— Task objective —
The whole listing below, with no pictures, is to be repeated as it stands.

— Records for this task —

<<<<

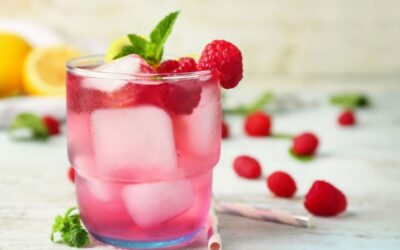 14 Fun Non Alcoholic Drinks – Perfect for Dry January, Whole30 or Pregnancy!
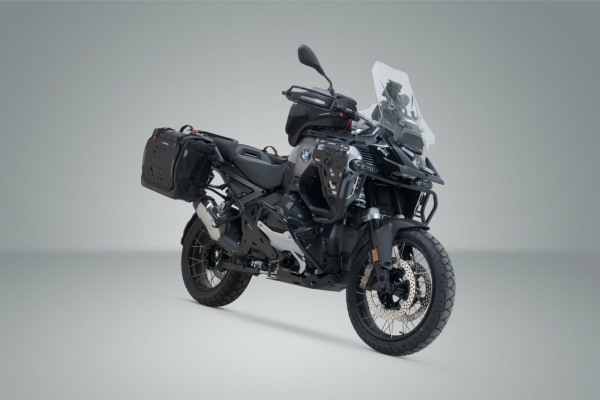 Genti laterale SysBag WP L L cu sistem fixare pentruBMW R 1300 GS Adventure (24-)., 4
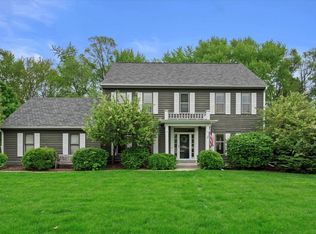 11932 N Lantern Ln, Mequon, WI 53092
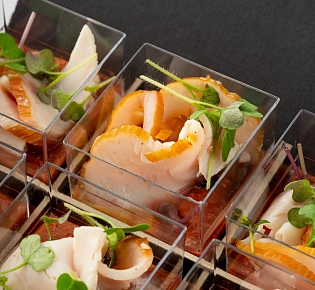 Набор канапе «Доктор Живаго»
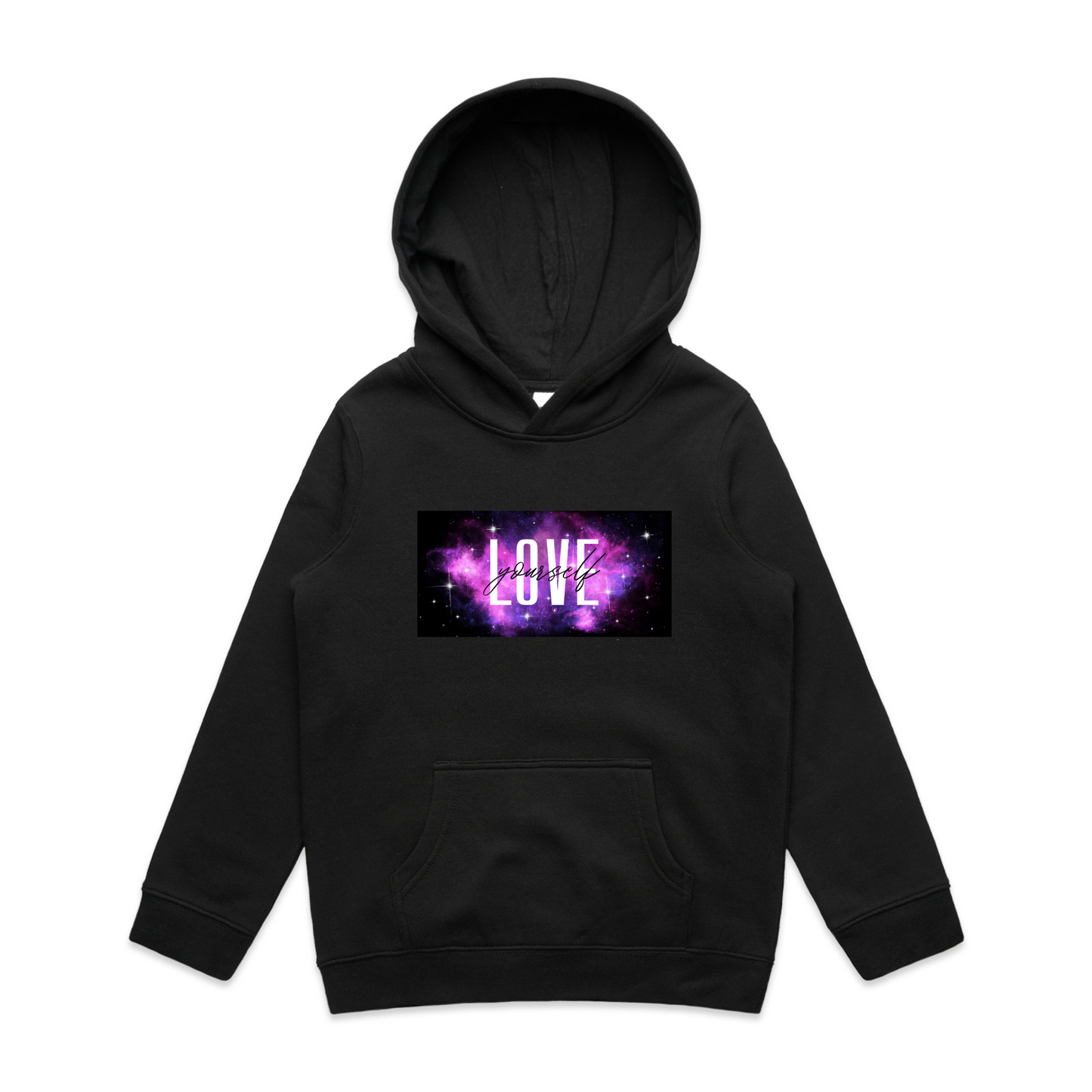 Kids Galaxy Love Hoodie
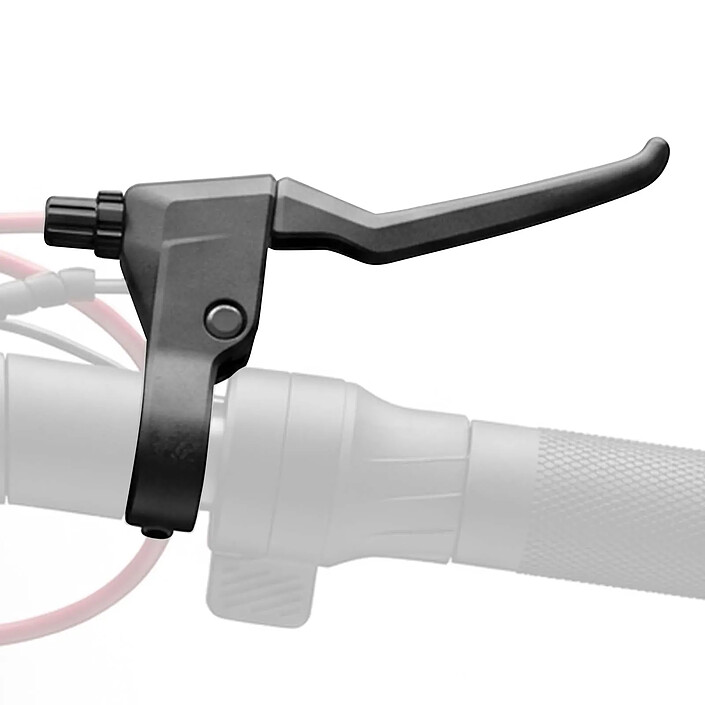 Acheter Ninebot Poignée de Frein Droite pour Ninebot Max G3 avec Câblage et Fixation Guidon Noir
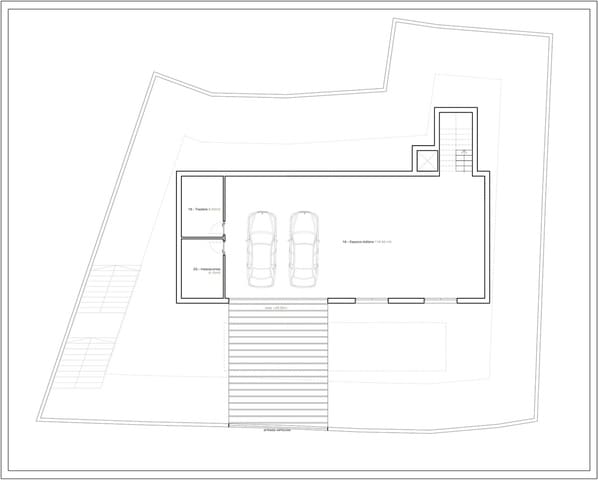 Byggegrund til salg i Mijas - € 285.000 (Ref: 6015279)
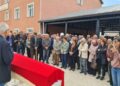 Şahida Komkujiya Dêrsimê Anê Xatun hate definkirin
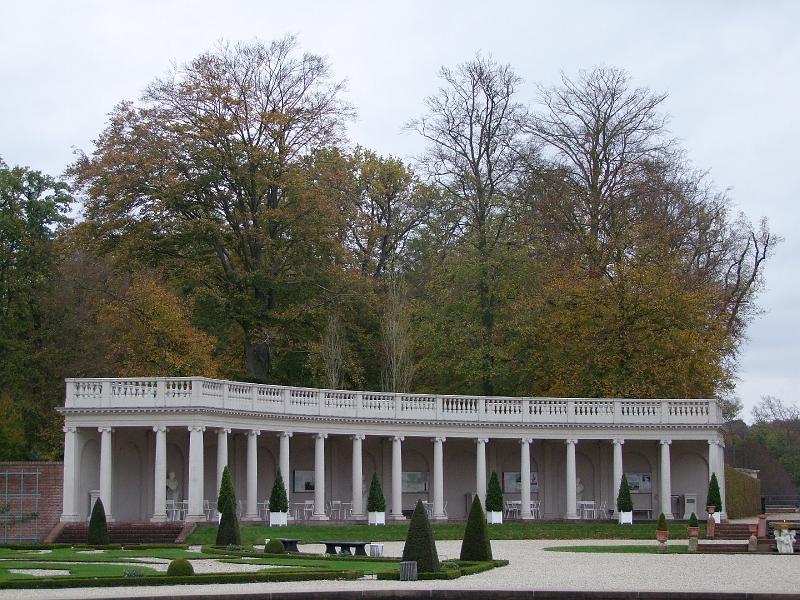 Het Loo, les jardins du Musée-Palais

>>>>

— Solution for this task —
 14 Fun Non Alcoholic Drinks – Perfect for Dry January, Whole30 or Pregnancy!
 Genti laterale SysBag WP L L cu sistem fixare pentruBMW R 1300 GS Adventure (24-)., 4
 11932 N Lantern Ln, Mequon, WI 53092
 Набор канапе «Доктор Живаго»
 Kids Galaxy Love Hoodie
 Acheter Ninebot Poignée de Frein Droite pour Ninebot Max G3 avec Câblage et Fixation Guidon Noir
 Byggegrund til salg i Mijas - € 285.000 (Ref: 6015279)
 Şahida Komkujiya Dêrsimê Anê Xatun hate definkirin
 Het Loo, les jardins du Musée-Palais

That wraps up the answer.